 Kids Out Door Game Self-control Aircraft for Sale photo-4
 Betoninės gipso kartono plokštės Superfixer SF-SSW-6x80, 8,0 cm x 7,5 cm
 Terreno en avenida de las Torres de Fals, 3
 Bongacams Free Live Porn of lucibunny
...
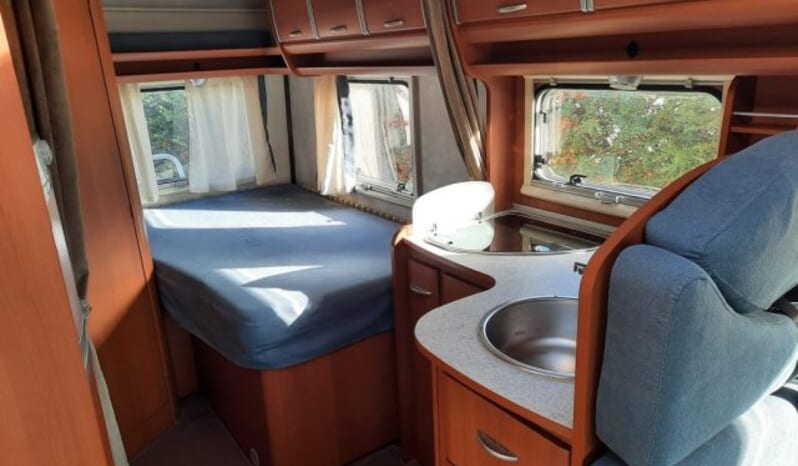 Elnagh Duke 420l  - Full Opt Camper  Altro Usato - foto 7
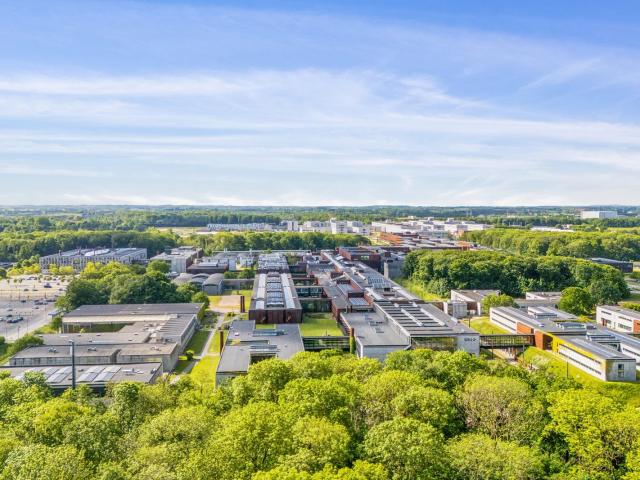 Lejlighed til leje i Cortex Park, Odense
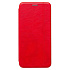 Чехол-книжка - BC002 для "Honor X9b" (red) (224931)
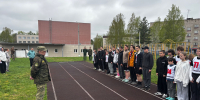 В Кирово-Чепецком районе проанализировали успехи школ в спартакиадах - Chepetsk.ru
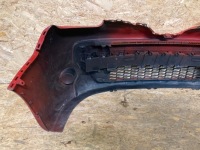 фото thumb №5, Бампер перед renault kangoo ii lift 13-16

— WHAT TO WORK ON —
Return the span of lines in the data above that opens at the line with "Betoninės gipso kartono" and closes at the line with "Bongacams Free Live Porn of lucibunny", exactly, ends included, nothing else.

— RESULT BELOW —
 Betoninės gipso kartono plokštės Superfixer SF-SSW-6x80, 8,0 cm x 7,5 cm
 Terreno en avenida de las Torres de Fals, 3
 Bongacams Free Live Porn of lucibunny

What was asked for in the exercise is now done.